- The problem with political jokes is they get elected.
~Henry Cate, VII
- We hang the petty thieves and appoint the great ones to public office.
- If we got one-tenth of what was promised to us in these acceptance speeches there wouldn't be any inducement to go to heaven.
- Those who are too smart to engage in politics are punished by being governed by those who are dumber.
- Politicians are the same all over. They promise to build a bridge even where there is no river.
- When I was a boy I was told that anybody could become President; I'm beginning to believe it.
- Why pay money to have your family tree traced; go into politics and your opponents will do it for you.
- If God wanted us to vote, he would have given us candidates.
- Politicians are people who, when they see light at the end of the tunnel, go out and buy some more tunnel.
- Politics is the gentle art of getting votes from the poor and campaign funds from the rich, by promising to protect each from the other.
- The Democrats are the party that says government will make you smarter, taller, richer, and remove the crabgrass on your lawn. The Republicans are the party that says government doesn't work and then they get elected and prove it.

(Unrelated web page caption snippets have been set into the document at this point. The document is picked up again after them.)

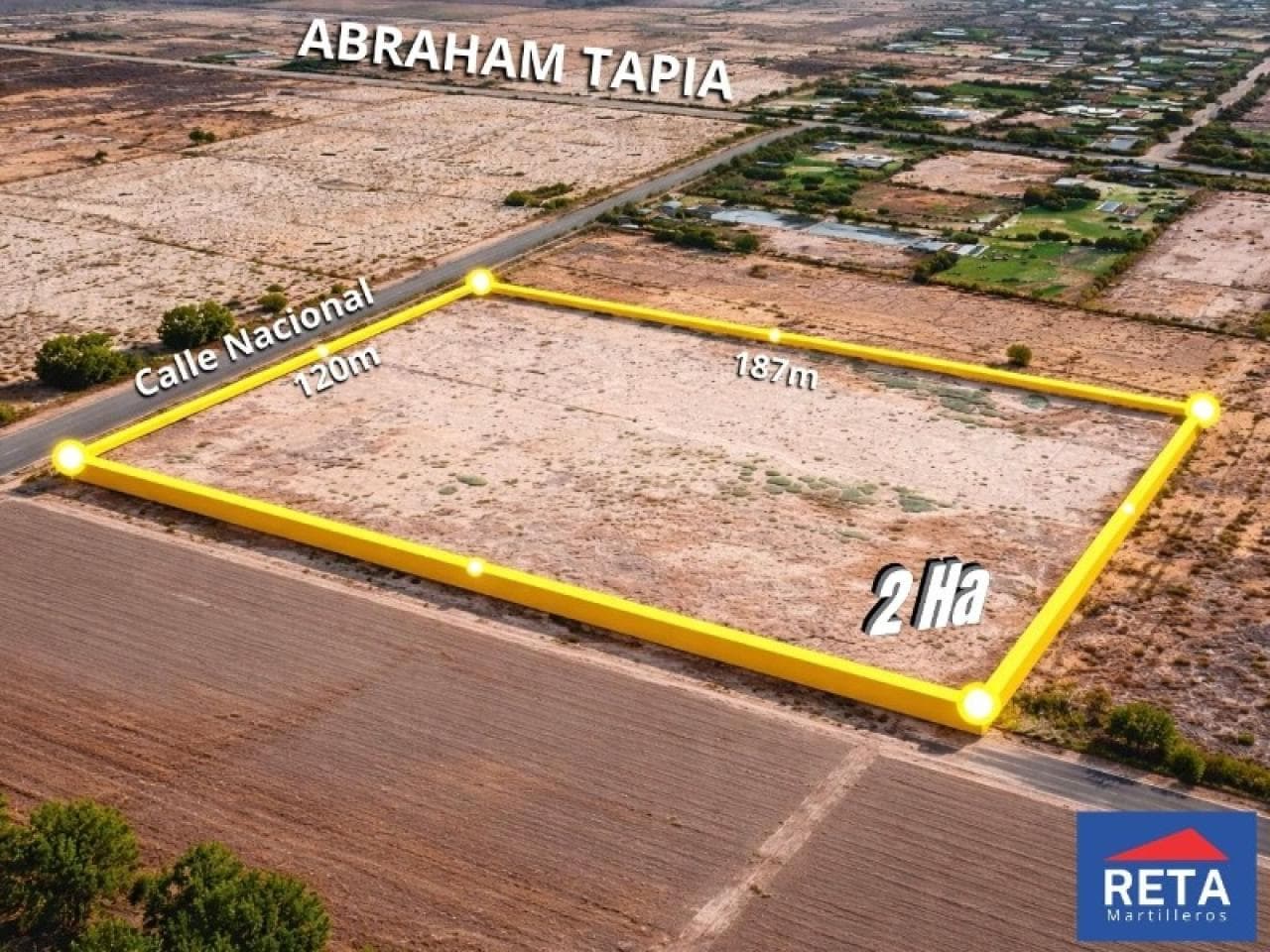 Venta. Terreno De 2 Hectareas A Metros De Calle 5 Y Abraham Tapia. Rawson.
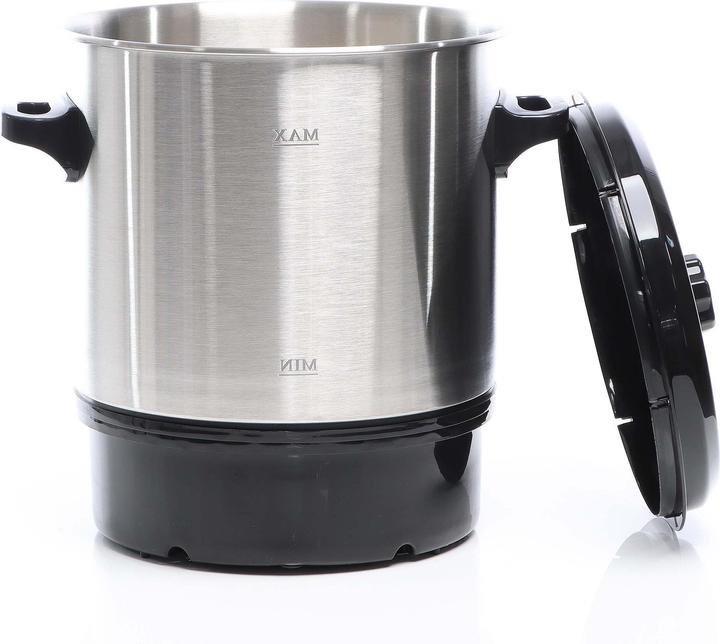Immagine prodotto Wiltec Pentola per bollire in acciaio inox 27L 2000W display timer pentola per vin brulè (27 l)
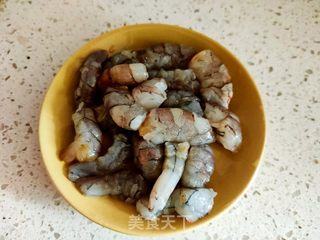 土豆青椒炒虾段的做法步骤：7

- I offer my opponents a bargain: if they will stop telling lies about us, I will stop telling the truth about them.
~Adlai Stevenson, campaign speech, 1952
- A politician is a fellow who will lay down your life for his country.
- Any American who is prepared to run for president should automatically, by definition, be disqualified from ever doing so.
- I have come to the conclusion that politics is too serious a matter to be left to the politicians.
~Charles de Gaulle
- Instead of giving a politician the keys to the city, it might be better to change the locks.
- Don't vote, it only encourages them.
- There ought to be one day - just one - when there is open season on senators.